But are these approaches to assessing teaching likely to go away any time soon? I’m not feeling the winds of change. For that reason, I’d like to use this post to suggest several ways faculty can work around and move beyond end-of-course ratings.

Teaching Professor Blog A good place to start is with how we orient toward the feedback provided by these summative assessments, and for this there’s literature to help. Golding and Adam (2016) used focus groups to explore how award-winning teachers approached the feedback provided on student evaluations. Among a number of findings, these faculty talked about an improvement mindset—about always confronting themselves with how they could improve, always being on the lookout for ways to increase student learning, and always accepting that no matter how high (or low) the scores, improvement is an option. Hodges and Stanton (2007) looked at a collection of common student complaints (e.g. “Problems on the exam weren’t like the ones done in class”) for what they indicated about the intellectual challenges faced by novice learners. Gallagher (2000) received a set of low ratings. After some rationalizing and blaming, he decided to see if he could learn something from the feedback. By reading the comments through this new lens, he saw that they could be used to improve his teaching.

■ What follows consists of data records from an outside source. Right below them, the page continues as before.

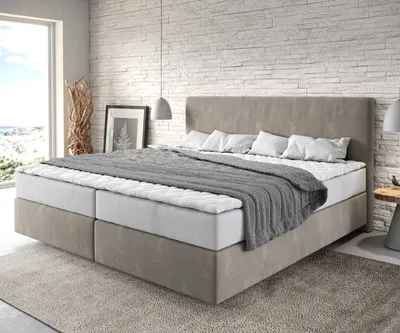 Produktbild von DELIFE Boxspringbett Dream-Well Mikrofaser Beige 200x200 cm mit Taschenfederkernmatratze und Topper Visco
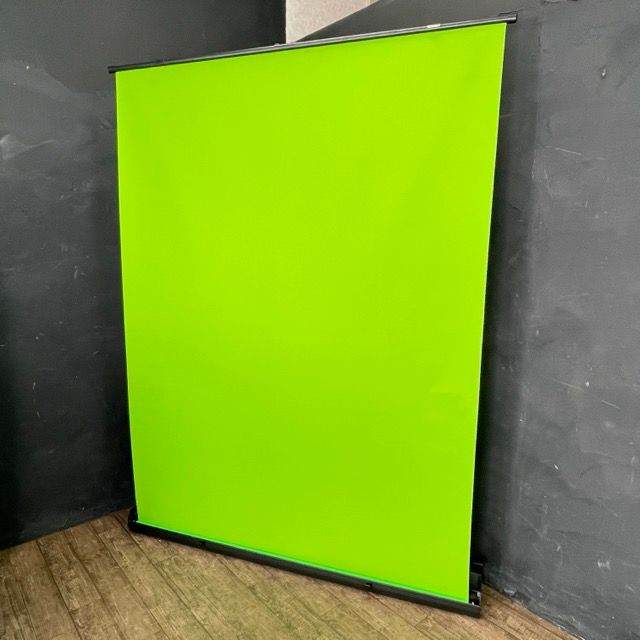 WASJOYE 自立式 ロールスクリーン 撮影用 投影面150x200cm グリーンバック |513991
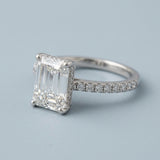 Emerald Hidden-Halo French Pavé Ring Setting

The global judgments frequently offered by end-of-course ratings (how does this instructor compare with all others on the planet) should be viewed as a place to start. Rather than offering answers, they can be used to raise questions. “What am I doing that’s causing students to view my teaching this way?” Such questions need to lead us to specific, concrete behaviors—things teachers are or aren’t doing. The Teaching Practices Inventory developed by Weiman and Gilbert (2014) is a great place to start acquiring this very detailed, nuts and bolts understanding of one’s instructional practice. It was developed for use in science and math courses, but slight adjustments can make it relevant in many other disciplines.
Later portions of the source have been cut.